WHAT THE TASK REQUIRES → Restate word for word the lines of the material below, from the line with "Thumbnail 3 in" to the line with "Used 2023 Ford Transit 350 XLT image 16", both lines included, and no others.

SOURCE RECORDS →
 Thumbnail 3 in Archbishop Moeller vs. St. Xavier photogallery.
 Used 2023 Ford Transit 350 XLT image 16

...

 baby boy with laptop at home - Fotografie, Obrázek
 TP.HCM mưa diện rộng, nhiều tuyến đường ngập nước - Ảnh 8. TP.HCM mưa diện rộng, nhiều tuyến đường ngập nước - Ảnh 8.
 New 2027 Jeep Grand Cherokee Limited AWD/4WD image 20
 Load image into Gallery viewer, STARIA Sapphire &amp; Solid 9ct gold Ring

OUTPUT OF THE TASK →
 Thumbnail 3 in Archbishop Moeller vs. St. Xavier photogallery.
 Used 2023 Ford Transit 350 XLT image 16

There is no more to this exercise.